◆ How to complete this task: Give back the lines of the records exactly, starting at the first and ending at the one with "KTF　 ダイワ スティーズ AIR TW 500XXHL　STEEZ AIR".

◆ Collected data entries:
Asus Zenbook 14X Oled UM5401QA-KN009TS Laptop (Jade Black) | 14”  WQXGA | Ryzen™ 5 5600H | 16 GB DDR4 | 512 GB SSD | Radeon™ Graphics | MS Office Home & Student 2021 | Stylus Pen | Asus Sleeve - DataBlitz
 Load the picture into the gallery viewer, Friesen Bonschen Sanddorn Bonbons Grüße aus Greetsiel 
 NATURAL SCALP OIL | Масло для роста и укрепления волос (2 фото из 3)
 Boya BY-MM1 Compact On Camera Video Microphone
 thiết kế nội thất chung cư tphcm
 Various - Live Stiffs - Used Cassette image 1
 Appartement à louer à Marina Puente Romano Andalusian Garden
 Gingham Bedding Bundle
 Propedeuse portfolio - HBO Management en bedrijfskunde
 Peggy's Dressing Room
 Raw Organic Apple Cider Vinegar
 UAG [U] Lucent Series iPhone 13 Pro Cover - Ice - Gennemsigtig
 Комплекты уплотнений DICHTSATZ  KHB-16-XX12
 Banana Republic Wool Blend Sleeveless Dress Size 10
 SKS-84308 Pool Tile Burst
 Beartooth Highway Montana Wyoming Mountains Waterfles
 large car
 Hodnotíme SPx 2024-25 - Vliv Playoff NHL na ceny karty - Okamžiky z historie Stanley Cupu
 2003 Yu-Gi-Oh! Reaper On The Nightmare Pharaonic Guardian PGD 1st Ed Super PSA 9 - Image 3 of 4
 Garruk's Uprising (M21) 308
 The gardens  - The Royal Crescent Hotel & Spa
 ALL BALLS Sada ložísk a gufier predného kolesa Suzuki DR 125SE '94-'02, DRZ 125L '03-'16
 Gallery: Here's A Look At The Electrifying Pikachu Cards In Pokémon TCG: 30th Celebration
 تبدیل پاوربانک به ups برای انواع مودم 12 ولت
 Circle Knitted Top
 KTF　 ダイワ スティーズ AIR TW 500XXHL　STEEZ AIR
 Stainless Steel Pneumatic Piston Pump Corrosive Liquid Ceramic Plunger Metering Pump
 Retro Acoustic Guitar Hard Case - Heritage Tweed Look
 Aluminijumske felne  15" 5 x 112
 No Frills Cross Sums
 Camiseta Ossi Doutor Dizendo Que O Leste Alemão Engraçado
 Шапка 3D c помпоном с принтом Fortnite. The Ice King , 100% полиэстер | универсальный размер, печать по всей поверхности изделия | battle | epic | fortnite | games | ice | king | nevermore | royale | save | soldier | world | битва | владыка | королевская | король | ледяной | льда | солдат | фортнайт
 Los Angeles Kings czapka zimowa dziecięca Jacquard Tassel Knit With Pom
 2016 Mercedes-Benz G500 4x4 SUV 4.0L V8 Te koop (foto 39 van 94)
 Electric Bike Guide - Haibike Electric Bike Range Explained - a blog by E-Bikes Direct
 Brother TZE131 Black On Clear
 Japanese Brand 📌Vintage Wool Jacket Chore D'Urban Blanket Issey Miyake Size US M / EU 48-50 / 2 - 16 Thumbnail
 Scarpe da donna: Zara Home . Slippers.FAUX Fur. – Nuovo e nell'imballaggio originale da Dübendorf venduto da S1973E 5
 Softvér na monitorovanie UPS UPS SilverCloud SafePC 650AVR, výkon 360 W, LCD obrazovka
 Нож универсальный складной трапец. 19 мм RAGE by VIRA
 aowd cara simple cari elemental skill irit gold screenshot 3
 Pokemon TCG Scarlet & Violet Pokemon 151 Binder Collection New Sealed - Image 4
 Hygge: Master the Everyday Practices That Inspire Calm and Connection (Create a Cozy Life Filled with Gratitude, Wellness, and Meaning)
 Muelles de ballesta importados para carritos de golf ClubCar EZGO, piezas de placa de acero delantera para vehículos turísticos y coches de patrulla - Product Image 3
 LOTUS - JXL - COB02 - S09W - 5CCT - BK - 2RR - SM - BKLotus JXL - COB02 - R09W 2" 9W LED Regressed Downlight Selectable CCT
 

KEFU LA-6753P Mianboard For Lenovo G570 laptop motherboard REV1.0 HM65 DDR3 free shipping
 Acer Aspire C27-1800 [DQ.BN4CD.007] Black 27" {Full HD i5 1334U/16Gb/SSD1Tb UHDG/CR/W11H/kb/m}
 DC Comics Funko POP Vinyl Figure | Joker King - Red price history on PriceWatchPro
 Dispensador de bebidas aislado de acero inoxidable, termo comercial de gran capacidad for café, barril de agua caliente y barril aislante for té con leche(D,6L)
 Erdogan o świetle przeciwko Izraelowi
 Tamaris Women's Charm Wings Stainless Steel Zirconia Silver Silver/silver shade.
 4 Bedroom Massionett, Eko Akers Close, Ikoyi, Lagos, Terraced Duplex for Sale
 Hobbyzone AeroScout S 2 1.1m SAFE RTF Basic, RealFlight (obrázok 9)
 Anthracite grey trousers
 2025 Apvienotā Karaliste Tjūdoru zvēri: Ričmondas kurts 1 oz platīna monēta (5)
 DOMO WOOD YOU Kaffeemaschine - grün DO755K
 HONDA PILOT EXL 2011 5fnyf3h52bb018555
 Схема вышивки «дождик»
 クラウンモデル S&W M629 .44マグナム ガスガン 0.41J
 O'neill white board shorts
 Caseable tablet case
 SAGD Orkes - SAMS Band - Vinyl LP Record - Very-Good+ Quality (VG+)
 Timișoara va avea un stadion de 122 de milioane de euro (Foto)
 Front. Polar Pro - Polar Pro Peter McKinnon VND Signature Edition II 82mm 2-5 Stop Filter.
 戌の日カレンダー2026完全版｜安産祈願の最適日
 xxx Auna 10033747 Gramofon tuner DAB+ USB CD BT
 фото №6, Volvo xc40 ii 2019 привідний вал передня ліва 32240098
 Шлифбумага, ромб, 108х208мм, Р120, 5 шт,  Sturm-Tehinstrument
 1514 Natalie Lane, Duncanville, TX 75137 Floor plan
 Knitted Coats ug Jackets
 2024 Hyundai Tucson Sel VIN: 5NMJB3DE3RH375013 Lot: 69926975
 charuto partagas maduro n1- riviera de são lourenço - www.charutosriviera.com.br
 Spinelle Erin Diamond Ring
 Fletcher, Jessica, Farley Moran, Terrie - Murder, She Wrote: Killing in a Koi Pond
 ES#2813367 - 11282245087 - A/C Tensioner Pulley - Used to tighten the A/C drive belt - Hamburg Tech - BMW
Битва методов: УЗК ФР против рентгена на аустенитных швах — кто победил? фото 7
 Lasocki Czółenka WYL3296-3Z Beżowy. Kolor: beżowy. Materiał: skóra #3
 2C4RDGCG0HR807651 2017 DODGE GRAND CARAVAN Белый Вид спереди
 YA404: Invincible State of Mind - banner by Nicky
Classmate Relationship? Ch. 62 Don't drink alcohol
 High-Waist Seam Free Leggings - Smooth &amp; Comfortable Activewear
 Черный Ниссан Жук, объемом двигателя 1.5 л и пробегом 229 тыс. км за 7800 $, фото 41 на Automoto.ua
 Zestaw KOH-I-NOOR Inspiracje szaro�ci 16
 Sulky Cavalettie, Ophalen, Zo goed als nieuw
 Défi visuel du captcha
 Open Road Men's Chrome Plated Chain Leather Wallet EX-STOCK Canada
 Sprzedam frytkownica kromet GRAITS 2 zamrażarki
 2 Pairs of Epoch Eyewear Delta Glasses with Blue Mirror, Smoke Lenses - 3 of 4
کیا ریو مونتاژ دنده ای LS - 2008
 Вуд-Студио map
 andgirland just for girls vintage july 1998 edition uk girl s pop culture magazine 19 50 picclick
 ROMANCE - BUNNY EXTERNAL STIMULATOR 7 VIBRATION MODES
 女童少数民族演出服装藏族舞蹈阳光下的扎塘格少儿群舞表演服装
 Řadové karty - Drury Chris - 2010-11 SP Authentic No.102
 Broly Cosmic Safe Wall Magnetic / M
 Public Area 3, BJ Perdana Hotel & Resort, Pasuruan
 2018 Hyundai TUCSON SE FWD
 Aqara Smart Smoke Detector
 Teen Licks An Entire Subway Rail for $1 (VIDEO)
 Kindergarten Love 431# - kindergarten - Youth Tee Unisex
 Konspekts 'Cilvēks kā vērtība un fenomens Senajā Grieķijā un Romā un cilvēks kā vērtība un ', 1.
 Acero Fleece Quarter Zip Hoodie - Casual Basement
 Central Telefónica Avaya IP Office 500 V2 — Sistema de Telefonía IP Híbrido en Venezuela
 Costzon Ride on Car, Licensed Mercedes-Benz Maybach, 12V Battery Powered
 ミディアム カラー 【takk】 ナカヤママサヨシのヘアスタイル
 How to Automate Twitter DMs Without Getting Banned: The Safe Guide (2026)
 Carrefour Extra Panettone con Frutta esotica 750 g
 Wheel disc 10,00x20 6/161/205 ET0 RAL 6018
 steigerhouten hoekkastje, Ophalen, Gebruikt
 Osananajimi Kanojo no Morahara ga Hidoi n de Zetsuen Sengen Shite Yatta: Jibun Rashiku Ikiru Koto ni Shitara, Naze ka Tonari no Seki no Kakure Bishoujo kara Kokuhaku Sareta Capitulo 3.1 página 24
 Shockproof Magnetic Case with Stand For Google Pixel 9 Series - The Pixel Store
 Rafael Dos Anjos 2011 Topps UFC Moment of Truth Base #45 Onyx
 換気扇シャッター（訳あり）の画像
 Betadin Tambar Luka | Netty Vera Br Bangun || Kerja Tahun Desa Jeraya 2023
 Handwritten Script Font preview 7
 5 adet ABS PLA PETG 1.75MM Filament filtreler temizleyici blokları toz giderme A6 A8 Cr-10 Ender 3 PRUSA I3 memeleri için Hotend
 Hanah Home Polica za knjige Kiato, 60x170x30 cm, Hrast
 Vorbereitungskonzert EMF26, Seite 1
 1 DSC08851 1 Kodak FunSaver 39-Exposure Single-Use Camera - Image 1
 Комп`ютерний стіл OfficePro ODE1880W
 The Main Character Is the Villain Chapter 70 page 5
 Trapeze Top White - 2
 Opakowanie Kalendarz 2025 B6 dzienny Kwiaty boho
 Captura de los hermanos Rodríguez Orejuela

◆ Output of the task:
Asus Zenbook 14X Oled UM5401QA-KN009TS Laptop (Jade Black) | 14”  WQXGA | Ryzen™ 5 5600H | 16 GB DDR4 | 512 GB SSD | Radeon™ Graphics | MS Office Home & Student 2021 | Stylus Pen | Asus Sleeve - DataBlitz
 Load the picture into the gallery viewer, Friesen Bonschen Sanddorn Bonbons Grüße aus Greetsiel 
 NATURAL SCALP OIL | Масло для роста и укрепления волос (2 фото из 3)
 Boya BY-MM1 Compact On Camera Video Microphone
 thiết kế nội thất chung cư tphcm
 Various - Live Stiffs - Used Cassette image 1
 Appartement à louer à Marina Puente Romano Andalusian Garden
 Gingham Bedding Bundle
 Propedeuse portfolio - HBO Management en bedrijfskunde
 Peggy's Dressing Room
 Raw Organic Apple Cider Vinegar
 UAG [U] Lucent Series iPhone 13 Pro Cover - Ice - Gennemsigtig
 Комплекты уплотнений DICHTSATZ  KHB-16-XX12
 Banana Republic Wool Blend Sleeveless Dress Size 10
 SKS-84308 Pool Tile Burst
 Beartooth Highway Montana Wyoming Mountains Waterfles
 large car
 Hodnotíme SPx 2024-25 - Vliv Playoff NHL na ceny karty - Okamžiky z historie Stanley Cupu
 2003 Yu-Gi-Oh! Reaper On The Nightmare Pharaonic Guardian PGD 1st Ed Super PSA 9 - Image 3 of 4
 Garruk's Uprising (M21) 308
 The gardens  - The Royal Crescent Hotel & Spa
 ALL BALLS Sada ložísk a gufier predného kolesa Suzuki DR 125SE '94-'02, DRZ 125L '03-'16
 Gallery: Here's A Look At The Electrifying Pikachu Cards In Pokémon TCG: 30th Celebration
 تبدیل پاوربانک به ups برای انواع مودم 12 ولت
 Circle Knitted Top
 KTF　 ダイワ スティーズ AIR TW 500XXHL　STEEZ AIR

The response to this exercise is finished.